En France, le respect de la vie privée et des données personnelles des salariés est encadré par deux textes, à savoir le Code du travail qui garantit la protection des données personnelles dans le cadre du travail et le Règlement général sur la protection des données.
Des outils controversés, capables de contrôler à distance
Peut-on profiter du télétravail pour par exemple assainir sa maison en traitant les problèmes d’humidité ?
Si vivre dans un environnement sain reste primordial, privilégiez pour vos travaux personnels, des moments hors temps de travail. En effet, une kyrielle de logiciels a vu le jour pour informer les employeurs méfiants. Si bon nombre d’entre eux sont utilisés dans le monde, en France, leur mise en place reste toujours très encadrée.
Certains logiciels largement utilisés aux États-Unis sont en mesure de contrôler l’exécution des tâches, le temps passé pour les réaliser, l’heure de connexion et de déconnexion, les sites visités, la durée de visite sur Skype, le nombre de mails envoyés, la fréquence d’utilisation de Microsoft One Drive, etc…
D’autres, plus inquisiteurs, intègrent un keylogger. Ce périphérique enregistre électroniquement l’utilisation d’un ordinateur et surveille ainsi les frappes sur le clavier et les clics de souris.
Il peut aussi photographier le salarié via une webcam et enregistrer les conversations par le micro du PC. En France, la CNIL juge illicite l’usage de keylogger sauf en cas de circonstance exceptionnelle liée à un fort impératif de sécurité.
D’autres logiciels tout aussi décriés sont capables d’effectuer des captures d’écran du salarié à intervalles réguliers et rapprochés ou de traquer les données GPS afin de les transmettre sous forme de rapport au responsable hiérarchique.
L’obligation d’un maximum de transparence à l’égard des salariés
Tout système de contrôle des salariés dans une entreprise doit faire l’objet d’une consultation des représentants du personnel.

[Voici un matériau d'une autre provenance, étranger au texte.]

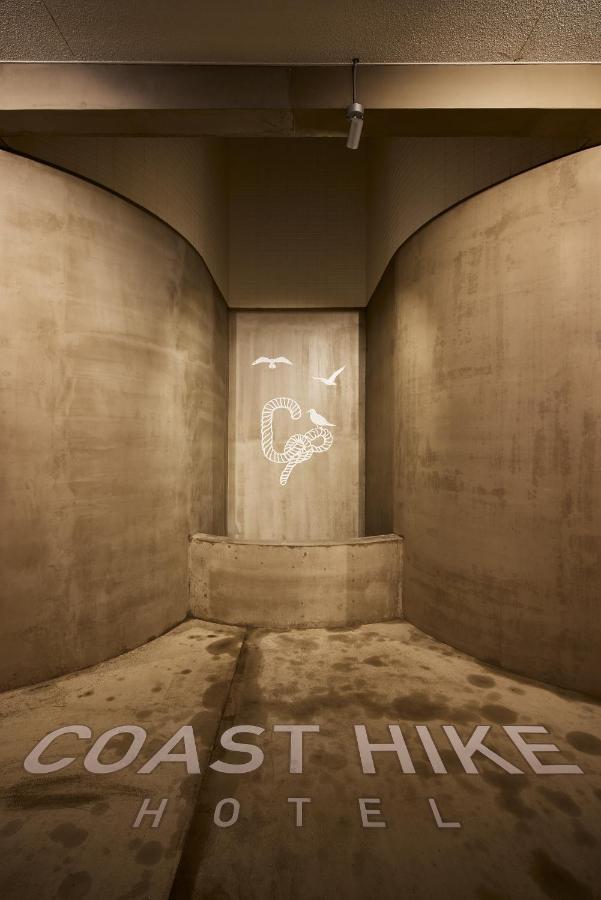 袖ヶ浦c Coast Hike Hotel (Adults Only) Sodegaura Exteriör bild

Les salariés doivent également être informés avant toute mise en place de tels dispositifs et renseignés sur leurs droits en matière de contrôle de leur activité (droits d’accès aux données collectées, de rectification, voire d’opposition à leur utilisation).
De même, dès lors que le système permet d’identifier un salarié, l’employeur est dans l’obligation de procéder à une déclaration préalable auprès de la CNIL de la mise en place d’un contrôle à distance.
Le défaut de déclaration jouera en faveur du salarié lors d’un recours aux prud’hommes.
Si une surveillance est prévue et connue, l’employeur doit prévoir des temps libres durant lesquels il ne sera pas autorisé à contrôler son personnel.
Pour plus de tranquillité, n’utilisez pas vos équipements personnels
D’une manière générale, il est fortement déconseillé aux personnes en travail à distance d’utiliser leur matériel personnel, notamment l’ordinateur en privilégiant l’usage d’équipements fournis et contrôlés par l’entreprise.
À défaut ils doivent protéger l’accès à leurs données personnelles. Cela commence par la sécurisation de la connexion Internet et la suppression du Wi-Fi invité.
Le recours à des logiciels “espions” est donc formellement interdit en France et les outils utilisés ne peuvent être installés à l’insu des salariés. Toute dérive peut donc faire l’objet d’un recours aux prud’hommes.
Le travail à distance nécessite d’être accompagné pour que cette nouvelle manière de travailler soit source de bien-être au travail.